Data Movement Utilities Guide and Reference

Load Overview

The load utility is capable of efficiently moving large quantities of data into newly created tables, or into tables that already contain data. The utility can handle all data types, including large objects (LOBs) and user-defined types (UDTs). The load utility is faster than the import utility, because it writes formatted pages directly into the database, while the import utility performs SQL INSERTs. The load utility does not fire triggers, and does not perform referential or table constraints checking (other than validating the uniqueness of the indexes). The data being loaded must be local to the server (unlike import and export, which support the passing of data from the client). For a detailed comparison of the load and the import utilities, see Appendix B. Differences Between the Import and the Load Utility.

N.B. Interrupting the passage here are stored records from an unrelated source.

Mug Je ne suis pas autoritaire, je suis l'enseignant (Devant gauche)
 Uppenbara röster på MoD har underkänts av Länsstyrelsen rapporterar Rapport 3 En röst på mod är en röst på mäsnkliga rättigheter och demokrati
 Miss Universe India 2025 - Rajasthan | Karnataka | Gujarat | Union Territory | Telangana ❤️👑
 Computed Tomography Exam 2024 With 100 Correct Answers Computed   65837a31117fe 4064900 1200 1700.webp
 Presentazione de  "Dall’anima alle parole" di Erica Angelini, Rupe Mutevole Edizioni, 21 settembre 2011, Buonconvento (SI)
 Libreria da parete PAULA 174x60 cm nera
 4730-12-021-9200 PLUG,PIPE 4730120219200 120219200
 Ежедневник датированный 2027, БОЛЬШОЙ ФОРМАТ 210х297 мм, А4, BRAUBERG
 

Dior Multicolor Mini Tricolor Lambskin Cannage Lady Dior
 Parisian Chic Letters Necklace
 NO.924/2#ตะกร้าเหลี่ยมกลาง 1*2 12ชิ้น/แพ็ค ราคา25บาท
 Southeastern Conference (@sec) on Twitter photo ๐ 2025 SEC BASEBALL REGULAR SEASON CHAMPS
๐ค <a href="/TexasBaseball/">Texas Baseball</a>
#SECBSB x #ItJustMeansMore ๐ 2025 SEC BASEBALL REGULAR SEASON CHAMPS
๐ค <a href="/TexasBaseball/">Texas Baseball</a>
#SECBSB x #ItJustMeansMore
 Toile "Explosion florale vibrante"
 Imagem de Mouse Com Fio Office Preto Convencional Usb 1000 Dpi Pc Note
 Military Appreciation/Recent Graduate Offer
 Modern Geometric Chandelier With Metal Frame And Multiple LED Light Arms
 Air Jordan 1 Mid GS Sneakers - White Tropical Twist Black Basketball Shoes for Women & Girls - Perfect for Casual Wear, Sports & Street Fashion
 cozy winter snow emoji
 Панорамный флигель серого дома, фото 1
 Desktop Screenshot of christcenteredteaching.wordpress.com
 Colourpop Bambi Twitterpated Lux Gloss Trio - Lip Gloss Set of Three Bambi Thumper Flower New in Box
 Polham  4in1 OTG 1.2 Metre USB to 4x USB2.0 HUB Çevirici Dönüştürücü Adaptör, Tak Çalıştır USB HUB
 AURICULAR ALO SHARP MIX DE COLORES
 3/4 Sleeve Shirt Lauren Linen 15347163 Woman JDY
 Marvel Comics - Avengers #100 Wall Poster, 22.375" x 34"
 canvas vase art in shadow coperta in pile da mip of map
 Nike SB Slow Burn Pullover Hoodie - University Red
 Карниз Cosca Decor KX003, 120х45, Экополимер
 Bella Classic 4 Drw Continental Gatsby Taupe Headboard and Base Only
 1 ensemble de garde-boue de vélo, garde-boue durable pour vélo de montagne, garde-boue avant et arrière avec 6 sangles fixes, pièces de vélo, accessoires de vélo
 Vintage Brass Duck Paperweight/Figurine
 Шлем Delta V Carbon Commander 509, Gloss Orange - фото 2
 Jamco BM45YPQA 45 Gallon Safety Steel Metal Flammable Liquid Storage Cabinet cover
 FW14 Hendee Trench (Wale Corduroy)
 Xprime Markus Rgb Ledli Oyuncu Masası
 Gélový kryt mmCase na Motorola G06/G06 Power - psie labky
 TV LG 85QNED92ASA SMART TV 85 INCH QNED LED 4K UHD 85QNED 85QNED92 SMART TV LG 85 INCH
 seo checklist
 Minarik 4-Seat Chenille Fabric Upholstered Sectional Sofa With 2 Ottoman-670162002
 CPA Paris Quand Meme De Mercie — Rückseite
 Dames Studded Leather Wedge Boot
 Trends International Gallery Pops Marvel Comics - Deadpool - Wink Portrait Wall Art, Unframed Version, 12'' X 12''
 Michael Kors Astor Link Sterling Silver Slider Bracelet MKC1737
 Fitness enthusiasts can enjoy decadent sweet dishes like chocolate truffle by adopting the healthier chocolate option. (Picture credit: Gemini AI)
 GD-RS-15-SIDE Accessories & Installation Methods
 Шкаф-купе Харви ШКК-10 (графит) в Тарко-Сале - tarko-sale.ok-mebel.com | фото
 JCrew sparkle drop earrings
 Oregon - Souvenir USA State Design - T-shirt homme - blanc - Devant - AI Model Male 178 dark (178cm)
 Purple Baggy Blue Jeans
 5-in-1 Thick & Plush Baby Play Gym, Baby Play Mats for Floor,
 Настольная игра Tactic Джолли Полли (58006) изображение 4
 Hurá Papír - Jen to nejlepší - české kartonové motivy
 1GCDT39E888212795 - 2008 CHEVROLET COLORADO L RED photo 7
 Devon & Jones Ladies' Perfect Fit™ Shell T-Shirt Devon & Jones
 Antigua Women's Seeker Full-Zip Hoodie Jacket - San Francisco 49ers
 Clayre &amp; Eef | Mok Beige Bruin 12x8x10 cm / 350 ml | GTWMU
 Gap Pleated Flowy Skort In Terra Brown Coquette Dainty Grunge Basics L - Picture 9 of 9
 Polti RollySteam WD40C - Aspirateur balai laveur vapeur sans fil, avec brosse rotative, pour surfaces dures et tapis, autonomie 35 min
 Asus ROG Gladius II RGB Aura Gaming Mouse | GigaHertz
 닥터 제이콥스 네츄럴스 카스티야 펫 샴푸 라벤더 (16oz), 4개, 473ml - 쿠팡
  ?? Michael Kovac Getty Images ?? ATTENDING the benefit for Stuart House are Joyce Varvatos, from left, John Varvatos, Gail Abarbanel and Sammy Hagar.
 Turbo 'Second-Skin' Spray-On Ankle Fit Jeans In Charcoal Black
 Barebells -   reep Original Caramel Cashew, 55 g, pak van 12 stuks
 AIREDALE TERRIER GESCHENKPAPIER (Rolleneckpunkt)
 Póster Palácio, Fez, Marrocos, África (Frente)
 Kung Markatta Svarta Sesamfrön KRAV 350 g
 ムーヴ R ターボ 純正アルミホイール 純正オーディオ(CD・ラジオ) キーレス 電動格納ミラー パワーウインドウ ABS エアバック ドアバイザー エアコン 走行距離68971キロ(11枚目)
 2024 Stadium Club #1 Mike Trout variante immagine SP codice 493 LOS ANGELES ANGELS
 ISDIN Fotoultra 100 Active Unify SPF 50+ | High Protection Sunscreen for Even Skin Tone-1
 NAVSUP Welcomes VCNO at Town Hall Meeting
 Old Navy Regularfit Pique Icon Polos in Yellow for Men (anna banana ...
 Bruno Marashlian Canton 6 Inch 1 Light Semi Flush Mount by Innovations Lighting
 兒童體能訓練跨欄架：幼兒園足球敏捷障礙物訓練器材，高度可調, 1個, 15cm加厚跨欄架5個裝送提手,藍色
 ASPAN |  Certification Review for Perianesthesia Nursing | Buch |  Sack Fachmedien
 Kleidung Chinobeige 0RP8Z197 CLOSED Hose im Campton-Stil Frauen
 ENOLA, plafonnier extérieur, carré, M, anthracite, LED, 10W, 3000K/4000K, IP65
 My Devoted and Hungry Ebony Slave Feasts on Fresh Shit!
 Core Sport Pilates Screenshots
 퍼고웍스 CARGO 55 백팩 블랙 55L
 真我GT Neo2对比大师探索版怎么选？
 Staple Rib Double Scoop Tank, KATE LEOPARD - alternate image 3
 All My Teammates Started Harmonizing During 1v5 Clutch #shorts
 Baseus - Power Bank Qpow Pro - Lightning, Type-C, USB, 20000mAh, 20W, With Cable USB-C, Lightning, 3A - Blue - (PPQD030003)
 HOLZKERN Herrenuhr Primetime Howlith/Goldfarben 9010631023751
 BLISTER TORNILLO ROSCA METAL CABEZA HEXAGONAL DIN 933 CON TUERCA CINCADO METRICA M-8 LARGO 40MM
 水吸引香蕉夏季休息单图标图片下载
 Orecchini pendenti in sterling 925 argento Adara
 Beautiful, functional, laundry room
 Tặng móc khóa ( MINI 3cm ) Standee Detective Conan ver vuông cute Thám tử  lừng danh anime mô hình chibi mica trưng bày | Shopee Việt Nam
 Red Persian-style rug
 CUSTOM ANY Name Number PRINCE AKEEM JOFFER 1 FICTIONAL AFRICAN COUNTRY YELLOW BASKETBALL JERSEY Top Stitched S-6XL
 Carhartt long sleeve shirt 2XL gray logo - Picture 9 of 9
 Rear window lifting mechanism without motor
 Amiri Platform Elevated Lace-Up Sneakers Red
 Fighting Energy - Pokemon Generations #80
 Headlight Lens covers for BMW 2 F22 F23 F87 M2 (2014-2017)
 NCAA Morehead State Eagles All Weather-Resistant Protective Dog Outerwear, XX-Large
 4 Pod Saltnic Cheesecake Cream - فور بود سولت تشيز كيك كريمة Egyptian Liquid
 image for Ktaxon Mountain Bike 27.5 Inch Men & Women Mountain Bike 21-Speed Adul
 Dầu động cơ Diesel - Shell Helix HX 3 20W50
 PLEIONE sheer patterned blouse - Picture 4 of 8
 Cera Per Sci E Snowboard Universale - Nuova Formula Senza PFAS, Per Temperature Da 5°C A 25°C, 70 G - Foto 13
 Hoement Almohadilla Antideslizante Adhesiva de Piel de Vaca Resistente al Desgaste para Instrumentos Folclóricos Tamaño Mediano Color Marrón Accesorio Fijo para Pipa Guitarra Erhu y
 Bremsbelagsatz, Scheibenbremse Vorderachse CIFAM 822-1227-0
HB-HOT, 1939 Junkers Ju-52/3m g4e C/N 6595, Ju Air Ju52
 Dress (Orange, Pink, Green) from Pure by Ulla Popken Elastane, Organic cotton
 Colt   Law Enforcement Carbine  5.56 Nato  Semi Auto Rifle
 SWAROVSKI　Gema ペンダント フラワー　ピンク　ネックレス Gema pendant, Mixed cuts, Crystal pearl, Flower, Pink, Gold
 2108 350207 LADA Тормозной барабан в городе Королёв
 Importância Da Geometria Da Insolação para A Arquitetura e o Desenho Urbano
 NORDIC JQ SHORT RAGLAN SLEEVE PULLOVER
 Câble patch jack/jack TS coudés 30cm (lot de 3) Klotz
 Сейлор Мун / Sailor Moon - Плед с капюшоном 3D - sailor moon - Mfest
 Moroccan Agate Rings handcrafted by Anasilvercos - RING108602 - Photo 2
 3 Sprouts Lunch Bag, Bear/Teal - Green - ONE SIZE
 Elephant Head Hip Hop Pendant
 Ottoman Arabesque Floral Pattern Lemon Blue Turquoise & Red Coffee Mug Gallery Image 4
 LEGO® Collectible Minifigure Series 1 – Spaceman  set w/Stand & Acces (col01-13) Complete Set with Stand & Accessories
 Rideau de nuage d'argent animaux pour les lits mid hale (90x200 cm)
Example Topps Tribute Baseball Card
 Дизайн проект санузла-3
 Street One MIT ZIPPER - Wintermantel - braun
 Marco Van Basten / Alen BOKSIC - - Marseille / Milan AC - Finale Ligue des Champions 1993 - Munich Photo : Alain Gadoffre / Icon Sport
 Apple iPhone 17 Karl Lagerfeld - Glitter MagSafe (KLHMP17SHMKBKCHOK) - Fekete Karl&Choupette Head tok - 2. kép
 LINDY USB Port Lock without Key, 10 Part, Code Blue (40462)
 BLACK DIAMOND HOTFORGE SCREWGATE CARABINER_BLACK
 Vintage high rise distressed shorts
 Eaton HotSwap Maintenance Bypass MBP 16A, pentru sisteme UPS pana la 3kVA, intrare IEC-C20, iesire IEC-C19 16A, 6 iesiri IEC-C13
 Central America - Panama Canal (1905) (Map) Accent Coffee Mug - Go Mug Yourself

The load process consists of three distinct phases (see Figure 1):

Load, during which the data is written to the table.
During the load phase, data is loaded into the table, and index keys and table statistics are collected, if necessary. Save points, or points of consistency, are established at intervals specified through the SAVECOUNT parameter in the LOAD command. Messages are generated, indicating how many input rows were successfully loaded at the time of the save point. For DATALINK columns defined with FILE LINK CONTROL, link operations are performed for non-NULL column values. If a failure occurs, you can restart the load operation; the RESTART option automatically restarts the load operation from the last successful consistency point. The TERMINATE option rolls back the failed load operation.
Figure 1. The Three Phases of the Load Process: Load, Build, and Delete.. Associated table spaces are in load pending state from the beginning of the load phase until the end of the build phase, and in delete pending state from the end of the build phase until the end of the delete phase.
Build, during which indexes are created.
During the build phase, indexes are created based on the index keys collected during the load phase. The index keys are sorted during the load phase, and index statistics are collected (if the STATISTICS YES with INDEXES option was specified). The statistics are similar to those collected through the RUNSTATS command (see the Command Reference). If a failure occurs during the build phase, the RESTART option automatically restarts the load operation at the appropriate point.
Unique key violations are placed into the exception table, if one was specified (see Exception Table), and messages about rejected rows are written to the message file. Following the completion of the load process, review these messages, resolve any problems, and insert corrected rows into the table.
Delete, during which the rows that caused a unique key violation or a DATALINK violation are removed from the table.
Do not attempt to delete or to modify any temporary files created by the load utility. Some temporary files are critical to the delete phase. If a failure occurs during the delete phase, the RESTART option automatically restarts the load operation at the appropriate point.
Note: Each deletion event is logged. If you have a large number of records that violate the uniqueness condition, the log could fill up during the delete phase.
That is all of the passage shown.